Still have the dog and she is doing so much better with our son. They play together all the time. He throws the ball and bone for her she runs and gets it and brings it back to him. Our son just turned 2 Jan 27th. My hubby, son and the dog were outside yesterday in the snow and playing having fun.

Featured Answers

My mother in law has a boxer-chow mix. The dog doesn't do well at all around my 3 year old. She has growled at him and snapped a couple of times, just missing his face. I have asked them to put the dog outside when we go for a visit. They are more worried about the dog when we're there than my son. They will sit and say how much she doesn't like it outside and how she will scratch their doors if they lock her in a room. I talked to my husband about it and we've decided that if they don't put the dog out, we leave. And it's funny about Melissa's response, because that is exactly what they say ALL THE TIME: Phoebe would have been so good growing up with kids, she just loves Dylan (my son), she would never bite anyone, she is very protective of us, blah, blah, blah.
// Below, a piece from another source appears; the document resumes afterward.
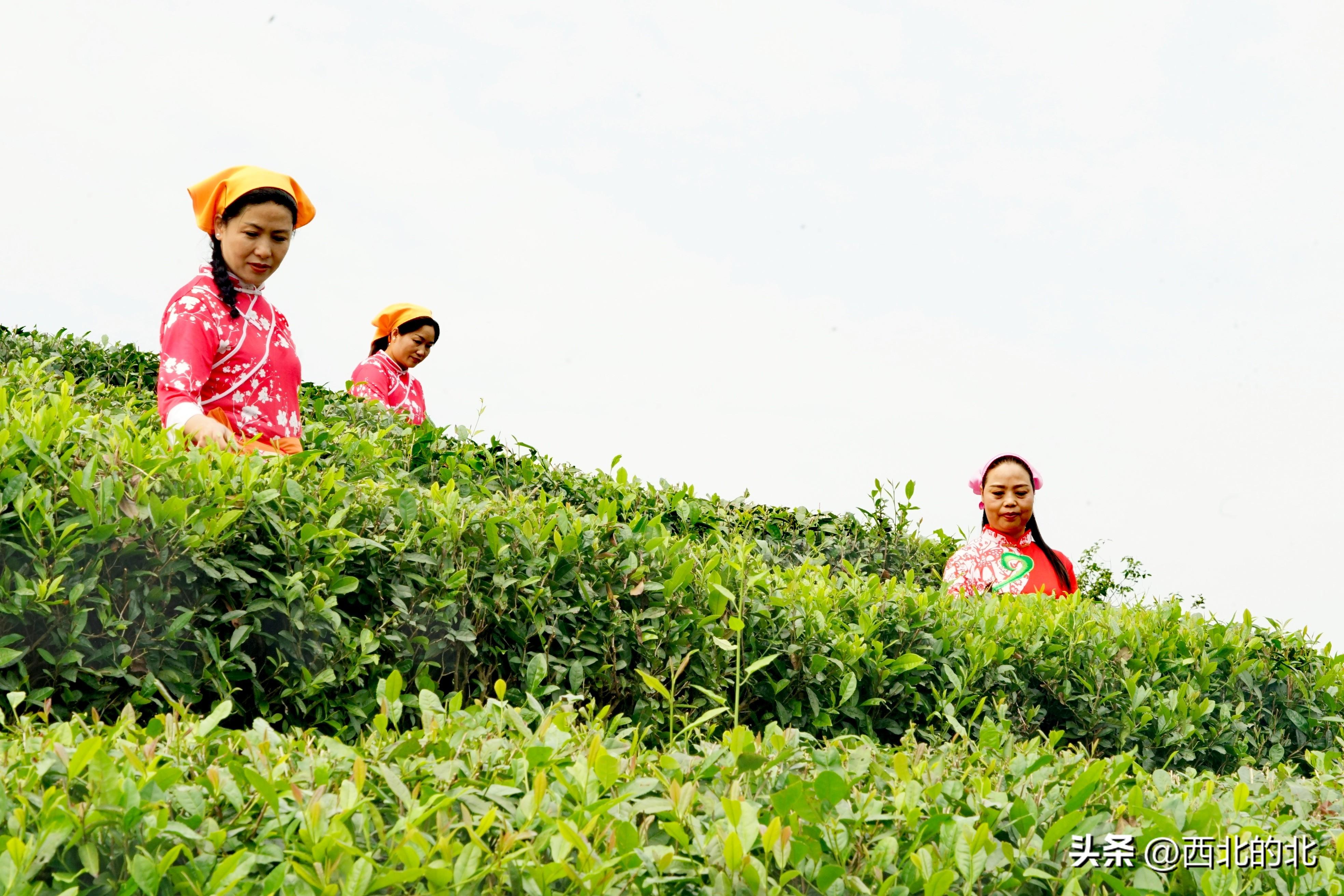 陕西安康富硒茶礼盒(安康富硒茶多少钱一斤汗水晨雾)-硒宝网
I would rather be a paranoid, over-protective mother than one that has to spend months in a hospital because I didn't trust my instincts. My advice is get rid of the dog. If my dog ever did that, she would be gone in a heartbeat.

More Answers


I went through the same thing with my pit bull. We had her since she was a puppy. We got her two months before i had my 5 year old son. She would growl at him when he started crawling and walking. She never had any other actions of aggression. I didn't want to get rid of her so i started reading books and going to classes. This is what i have learned. Dogs of the people they live with as packs. The think of the male being the top dog so to speak. The female is next in line, then the dog then the children. Sadie was growling towards Colin just to show him that she was there first and demonstating senority. That being said, i'm not saying that your dog would never bit or hurt your child. There is a possibility. Once we started treating Sadie and Colin equal, the behavior stopped. If i had to just spend time with Colin, i would have a special treat for Sadie. THat is just one story. We had a happy ending. Sadie doesn't even growl at my 8 month old when she is crawling all over her. I hope everything works out.

1 mom found this helpful

Dogs often see babies as being in the pack. So there way of teaching members of the pack (especially if they view that pack member as being weaker than they are) is by growling & nipping/biting. To get this to stop you must assert your dominance over the dog & teach the dog that he is not in charge... that the humans are in charge (you, your husband, & your children). So whenever your dog does something that is dominant in nature (growling for example) you must assert your dominance by making the dog lay down & roll over on to his/her back. This is what alpha dogs do in a pack. If your dog will not lay down by command, then you physically make him/her lay down (not by hurting the dog though, just firmly) & then if they don't roll over on their own (they will do this when they recognize that you are the boss) then you must roll them over yourself until they get the point. Sometimes you have to hold them there or repeatedly roll them over until they get it. When I do this with our dogs, I usually make them stay in that position for a short bit (30 seconds to a minute or 2 depending on what they did). You can help the dog to see your child as dominant by holding your child in your arm when you are doing this... the dog sees the child as an extension of you. You must gain control of the dog or else something bad could happen (biting). And always be right there with your child when they are around the dog. For more helpful information, tune to The Dog Whisperer on the National Geographic Chanel or check out books by Cesar Milan (the Dog Whisperer). HTH

Just wanted to add that I am very sad to see that there are so many ppl who say to get rid of your dog. In our house, our dogs are also our children & we would NEVER dream of doing this. Yes, the safety of our human child is very important but we would do everything in our power to rehabilitate our dog before we ever got rid of him/her. Dog are all too often thrown away (look at all the dogs being put to sleep in the shelters!). When your child does something wrong (say biting another child) you don't throw them away.. you teach them. We must do the same with our dogs.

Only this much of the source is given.